Copy out again, unchanged, the listing below from the line that has "DP16-GN1000 夢パック スパウトパウチ(キャップ付)" through the line that has "Pilates Weight Loss".

*** Opening of Exercise input ***

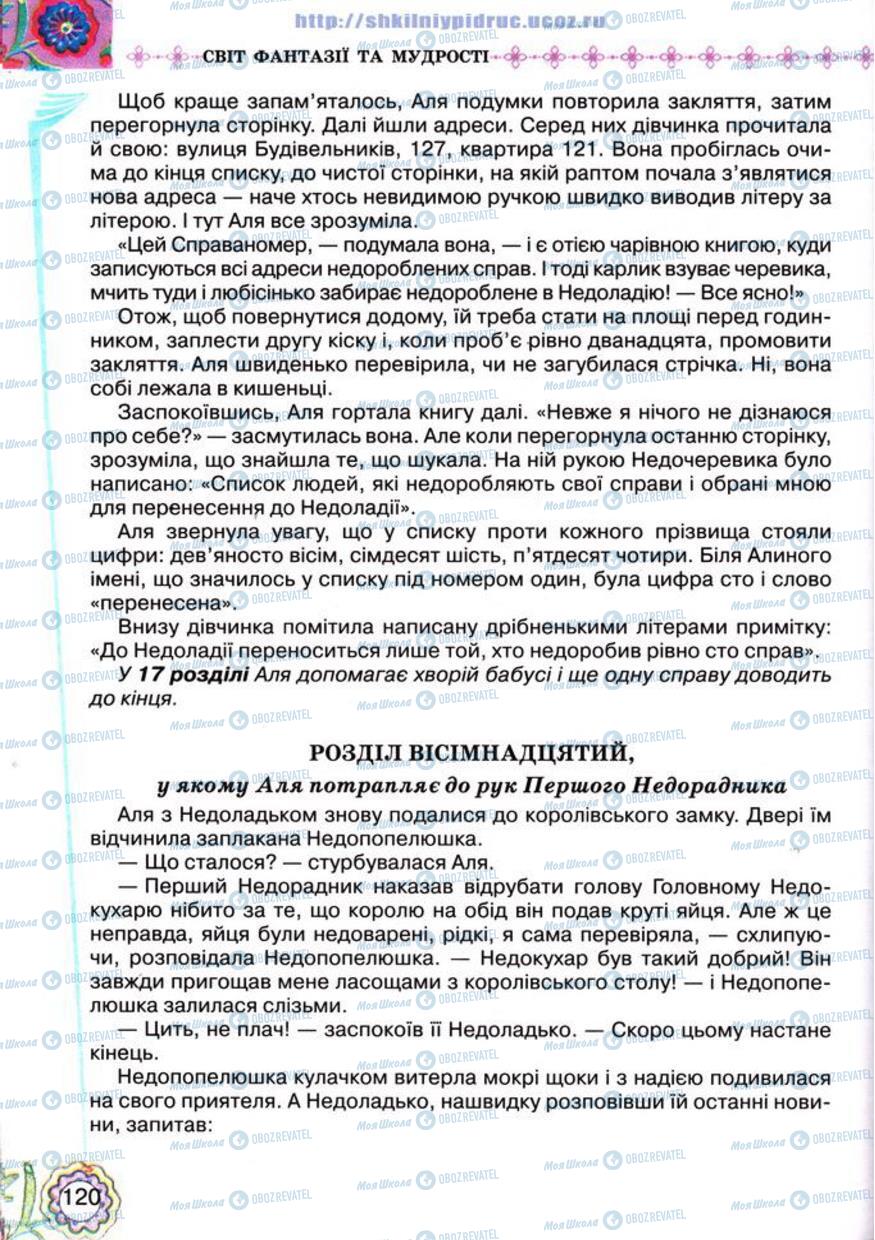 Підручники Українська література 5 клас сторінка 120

*** Close of Exercise input ***
*** Opening of Exercise input ***

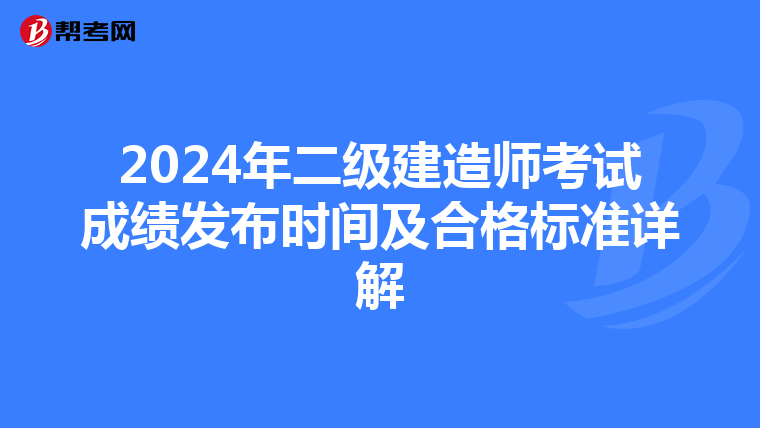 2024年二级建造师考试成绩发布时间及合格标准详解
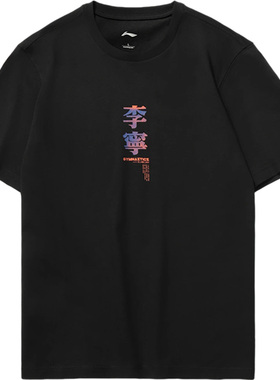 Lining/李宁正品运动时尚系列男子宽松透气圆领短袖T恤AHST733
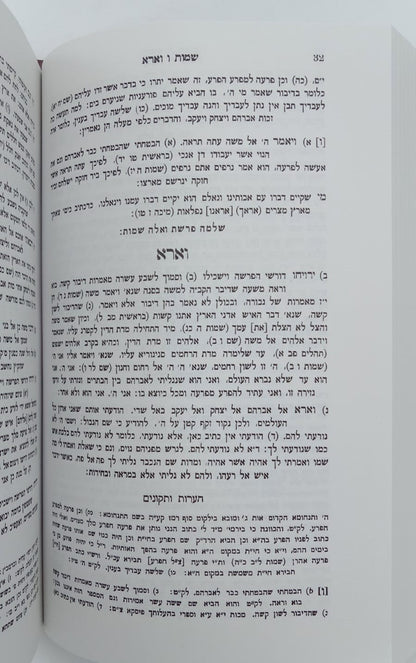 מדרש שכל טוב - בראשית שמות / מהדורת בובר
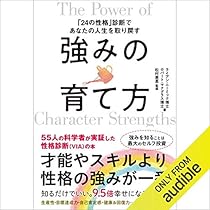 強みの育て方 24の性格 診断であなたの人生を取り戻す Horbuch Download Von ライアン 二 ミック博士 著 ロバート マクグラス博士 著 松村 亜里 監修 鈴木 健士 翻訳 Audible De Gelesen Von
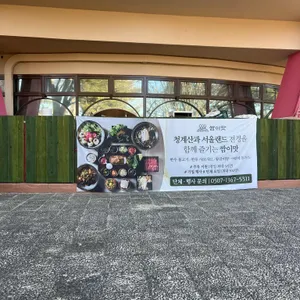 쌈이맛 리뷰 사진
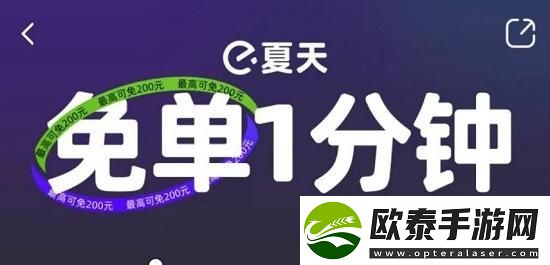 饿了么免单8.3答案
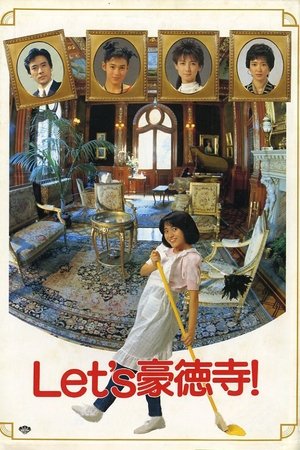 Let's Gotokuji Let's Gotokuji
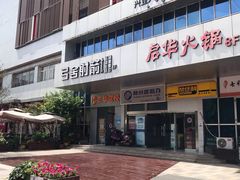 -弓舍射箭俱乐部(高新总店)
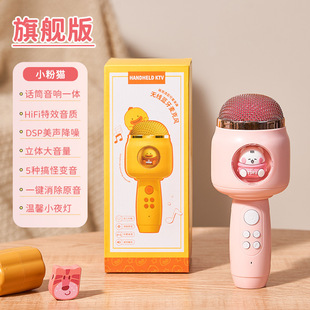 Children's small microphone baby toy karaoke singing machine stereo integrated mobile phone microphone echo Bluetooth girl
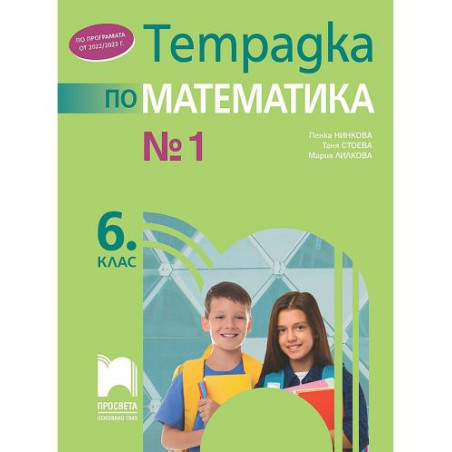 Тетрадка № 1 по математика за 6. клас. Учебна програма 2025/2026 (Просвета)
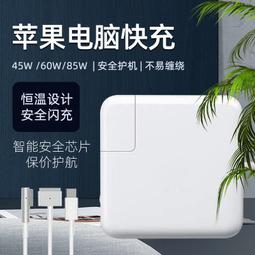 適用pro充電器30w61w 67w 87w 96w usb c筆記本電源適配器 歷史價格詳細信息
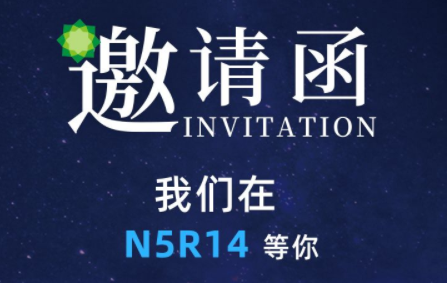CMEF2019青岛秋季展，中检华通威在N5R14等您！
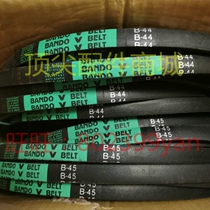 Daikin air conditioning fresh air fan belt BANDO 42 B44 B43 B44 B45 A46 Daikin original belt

*** Close of Exercise input ***
*** Opening of Exercise input ***

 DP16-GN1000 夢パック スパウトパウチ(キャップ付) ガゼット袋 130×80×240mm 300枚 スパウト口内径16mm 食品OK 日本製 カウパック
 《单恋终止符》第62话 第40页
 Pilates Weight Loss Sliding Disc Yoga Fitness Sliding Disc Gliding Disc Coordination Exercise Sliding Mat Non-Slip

*** Close of Exercise input ***

• Solution for this problem
 DP16-GN1000 夢パック スパウトパウチ(キャップ付) ガゼット袋 130×80×240mm 300枚 スパウト口内径16mm 食品OK 日本製 カウパック
 《单恋终止符》第62话 第40页
 Pilates Weight Loss Sliding Disc Yoga Fitness Sliding Disc Gliding Disc Coordination Exercise Sliding Mat Non-Slip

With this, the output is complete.